Gomorra la série : il y a quelque chose de pourri au royaume de Naples

À l’origine ce fut un livre. Écoulé à 10 millions d’exemplaires dans le monde, il valut à son auteur un succès immédiat ainsi qu’une condamnation à mort de la part de la Camorra(1).

Puis ce fut un film primé à Cannes (Grand Prix du Jury en 2008) et même une pièce de théâtre. Et maintenant Gomorra, œuvre nécessairement protéiforme pour raconter la pieuvre camorriste, devient une série.

Diffusée l’année dernière en Italie et en janvier sur Canal +, Gomorra la série a connu un succès critique et public et a été vendue dans 70 pays à travers le monde. La qualité du produit réalisé y est pour beaucoup : rivalisant avec les grosses productions américaines (les Games of Throne, les House of Card, etc), Gomorra n’a pas à rougir de son origine italienne. Menée d’une main de maître par Stefano Sollima (déjà à la tête de Romanzo Criminale), la série est maîtrisée de bout en bout par les trois réalisateurs qui se concentrent sur la description réaliste et crue d’un monde longtemps inconnu du grand public, qui plus est du public français. Tournée en décors naturels dans Naples et sa région (plus précisément à Scampia, quartier nord de Naples) avec une lumière qui met en valeur les couleurs de la ville et surtout les décors bling-bling (qui piquent les yeux) des intérieurs napolitains, la série a vu l’émergence d’acteurs napolitains de talent. Heureusement la qualité technique du produit n’est pas là pour cacher la faiblesse du scénario, mais bien pour accompagner et mettre en valeur un récit qui se fait haletant au fur et à mesure des épisodes.

Gomorra

Gomorra la série met en scène le clan Savastano en lutte avec le clan Conte pour le contrôle du trafic de drogue (Scampia est le plus grand marché européen de drogue). Mais cette banale histoire de rivalité est l’arbre qui cache la forêt et un système bien plus tentaculaire. Il faut préciser avant d’aller plus loin que, bien qu’étant romancée en tant qu’œuvre de fiction, toutes les histoires racontées dans Gomorra la série se sont réellement déroulées, même les plus incroyables et les plus insoutenables. Car Roberto Saviano et les auteurs ne se contentent pas de raconter des histoires de gangster. Ce serait réduire la Camorra à son expression la plus basique.

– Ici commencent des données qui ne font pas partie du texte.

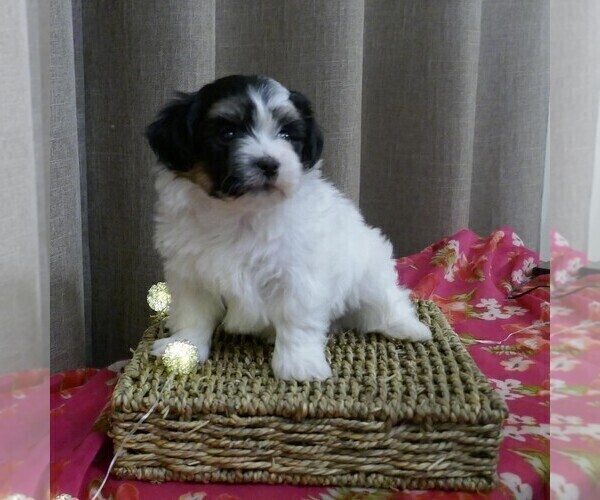 Medium Photo #6 Havanese Puppy For Sale in THREE RIVERS, MI, USA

La série nous plonge dans les méandres du Sistema (2) et nous dévoile l’étendue de sa puissance. La Camorra ne contrôle pas seulement l’économie souterraine, elle a également la main mise sur l’économie légale et la société napolitaine.

Si le trafic de drogue est un mécanisme plus ou moins connu de tous, le blanchiment de l’argent sale est un concept plutôt abstrait et souvent invisible. On part avec nos « héros » à Milan où s’étend devant nos yeux une puissance économique insoupçonnable : les Savastano possèdent des immeubles entiers dans la capitale économique de l’Italie. La prise de contrôle d’entreprises on ne peut plus légales est un autre moyen de recycler son argent. Grâce à des prête-noms et des banquiers peu scrupuleux, les clans prennent le contrôle de sociétés et souvent leur imposent leurs propres fournisseurs. Nous ne nous étendrons pas sur les investissements dans les discothèques, les restaurants, les casinos… La liste est infinie.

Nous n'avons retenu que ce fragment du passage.